Report details the Kremlin’s war casualties
by ROBERT BECKHUSEN
Russian troops make up a small but important role in the war in eastern Ukraine. During two periods of heavy fighting, Russian army soldiers played a pivotal role in stopping Ukrainian troops from retaking separatist-held territory.
Around 220 Russian soldiers have died in Ukraine. The number could be higher.
That’s all according to the newly-released report by the late Russian liberal politician Boris Nemtsov. Gunmen murdered Nemtsov as he walked across the Bolshoy Moskvoretsky Bridge in Moscow on Feb. 27.
Nemtsov and his aides based the report on open-source analysis, interviews with family members who lost loved ones in the war, news reports and quotes from the separatist commanders themselves. It’s the most comprehensive analysis so far of Russian aid to the separatists, which is an obscure and largely hidden part of the war.
There’s two major aspects to Russia’s intervention. First, there’s the regular Russian army. These units are small compared to the overall size of the separatist force — a few thousand Russian soldiers among potentially 30,000 separatists. But they’ve had an outsized effect on the course of war.
“The regular part of the Russian army in many ways determined the military successes of the separatists in eastern Ukraine,” the report stated.
Last summer, the Ukrainian military launched a major offensive into separatist territory. It was part of an attempt to cut direct land connections between the de facto rebel capitals of Donetsk and Luhansk.
The Russian army intervened, pouring tanks, armored vehicles and artillery into the conflict — which separatist commander Alexander Zakharchenko publicly credited with halting the Ukrainian advance.
These Russian units include soldiers from the 331st Parachute Regiment of the 98th Airborne Division. Other Russian units — mainly ground and artillery units — sent soldiers to work as independent “contractors.”

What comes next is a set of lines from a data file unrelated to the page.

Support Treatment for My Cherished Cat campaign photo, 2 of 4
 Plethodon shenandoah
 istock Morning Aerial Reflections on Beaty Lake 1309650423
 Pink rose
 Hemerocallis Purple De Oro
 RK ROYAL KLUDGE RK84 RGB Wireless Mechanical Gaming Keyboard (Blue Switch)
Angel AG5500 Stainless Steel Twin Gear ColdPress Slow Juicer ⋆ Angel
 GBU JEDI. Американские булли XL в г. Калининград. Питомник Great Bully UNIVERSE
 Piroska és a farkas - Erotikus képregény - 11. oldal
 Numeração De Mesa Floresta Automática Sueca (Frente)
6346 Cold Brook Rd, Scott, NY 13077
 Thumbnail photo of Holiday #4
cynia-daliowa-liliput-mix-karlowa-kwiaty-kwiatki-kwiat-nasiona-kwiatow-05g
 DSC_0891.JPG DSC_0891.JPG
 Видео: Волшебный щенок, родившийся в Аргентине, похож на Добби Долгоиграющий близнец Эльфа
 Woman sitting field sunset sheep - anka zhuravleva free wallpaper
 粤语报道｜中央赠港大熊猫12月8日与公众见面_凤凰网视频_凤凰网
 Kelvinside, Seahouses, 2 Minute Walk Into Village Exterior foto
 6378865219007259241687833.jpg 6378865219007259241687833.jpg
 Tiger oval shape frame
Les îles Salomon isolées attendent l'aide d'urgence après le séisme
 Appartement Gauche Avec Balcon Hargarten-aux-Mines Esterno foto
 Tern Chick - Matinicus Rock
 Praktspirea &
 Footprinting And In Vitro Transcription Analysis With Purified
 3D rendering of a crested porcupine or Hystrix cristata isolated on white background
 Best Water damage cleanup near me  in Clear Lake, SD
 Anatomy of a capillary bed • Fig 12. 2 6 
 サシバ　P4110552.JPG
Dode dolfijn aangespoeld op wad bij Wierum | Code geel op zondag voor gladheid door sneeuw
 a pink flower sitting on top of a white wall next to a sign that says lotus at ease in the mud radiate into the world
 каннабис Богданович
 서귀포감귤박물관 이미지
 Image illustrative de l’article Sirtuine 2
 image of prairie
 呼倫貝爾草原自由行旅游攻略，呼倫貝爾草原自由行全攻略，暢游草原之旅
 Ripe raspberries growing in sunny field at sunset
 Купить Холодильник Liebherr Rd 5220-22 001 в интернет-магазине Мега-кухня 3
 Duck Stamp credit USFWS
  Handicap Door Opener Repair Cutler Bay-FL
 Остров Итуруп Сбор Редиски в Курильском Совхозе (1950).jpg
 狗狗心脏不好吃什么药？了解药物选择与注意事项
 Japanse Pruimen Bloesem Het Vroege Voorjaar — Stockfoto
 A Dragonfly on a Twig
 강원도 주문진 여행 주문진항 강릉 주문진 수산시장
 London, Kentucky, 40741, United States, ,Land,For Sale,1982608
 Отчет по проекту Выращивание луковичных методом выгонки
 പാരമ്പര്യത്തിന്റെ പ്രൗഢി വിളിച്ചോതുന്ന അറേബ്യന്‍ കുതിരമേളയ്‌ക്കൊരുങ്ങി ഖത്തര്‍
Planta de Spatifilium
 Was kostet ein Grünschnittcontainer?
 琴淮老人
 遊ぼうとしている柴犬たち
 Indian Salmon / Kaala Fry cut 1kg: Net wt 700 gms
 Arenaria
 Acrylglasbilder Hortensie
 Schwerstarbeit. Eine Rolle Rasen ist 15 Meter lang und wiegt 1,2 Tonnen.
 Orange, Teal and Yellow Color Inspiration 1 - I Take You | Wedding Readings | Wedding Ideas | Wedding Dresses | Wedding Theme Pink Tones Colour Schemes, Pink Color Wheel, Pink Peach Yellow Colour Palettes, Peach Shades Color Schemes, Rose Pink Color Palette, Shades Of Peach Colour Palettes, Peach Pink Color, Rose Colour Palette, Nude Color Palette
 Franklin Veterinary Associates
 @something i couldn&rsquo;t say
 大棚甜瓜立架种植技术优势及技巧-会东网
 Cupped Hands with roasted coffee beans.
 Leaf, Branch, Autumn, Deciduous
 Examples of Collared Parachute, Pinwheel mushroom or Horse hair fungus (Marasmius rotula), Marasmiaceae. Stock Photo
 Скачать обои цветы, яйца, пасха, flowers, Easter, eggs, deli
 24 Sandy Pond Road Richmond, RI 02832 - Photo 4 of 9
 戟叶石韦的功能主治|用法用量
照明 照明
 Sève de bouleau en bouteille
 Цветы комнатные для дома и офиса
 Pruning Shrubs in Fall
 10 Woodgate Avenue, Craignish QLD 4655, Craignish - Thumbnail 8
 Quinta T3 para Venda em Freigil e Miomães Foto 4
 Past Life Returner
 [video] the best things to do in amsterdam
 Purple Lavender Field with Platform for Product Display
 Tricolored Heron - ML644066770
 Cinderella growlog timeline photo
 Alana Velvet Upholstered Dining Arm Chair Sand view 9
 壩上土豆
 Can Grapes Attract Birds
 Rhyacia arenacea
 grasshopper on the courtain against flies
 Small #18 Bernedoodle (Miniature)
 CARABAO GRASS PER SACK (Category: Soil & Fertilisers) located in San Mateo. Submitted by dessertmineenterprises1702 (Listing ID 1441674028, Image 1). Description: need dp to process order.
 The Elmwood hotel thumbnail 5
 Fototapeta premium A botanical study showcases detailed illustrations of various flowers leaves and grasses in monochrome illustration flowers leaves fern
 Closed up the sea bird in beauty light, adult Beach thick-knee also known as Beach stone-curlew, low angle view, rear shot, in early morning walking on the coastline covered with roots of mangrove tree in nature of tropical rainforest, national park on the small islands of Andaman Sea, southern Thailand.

Russian soldiers died “in two periods” in the war, the report stated. “The first wave of coffins went to Russia in the summer of 2014, when the Ukrainian army went on the offensive.”
The second “wave” occurred in January and February this year. This largely occurred due to fighting near the town of Debaltsevo, which Ukrainian troops had occupied. The troops formed a “pocket” jutting into separatist lines.
Mark Galeotti, a Russia security expert at New York University, wrote that Russia’s casualties probably won’t pose a major political problem for the Kremlin — at least not yet.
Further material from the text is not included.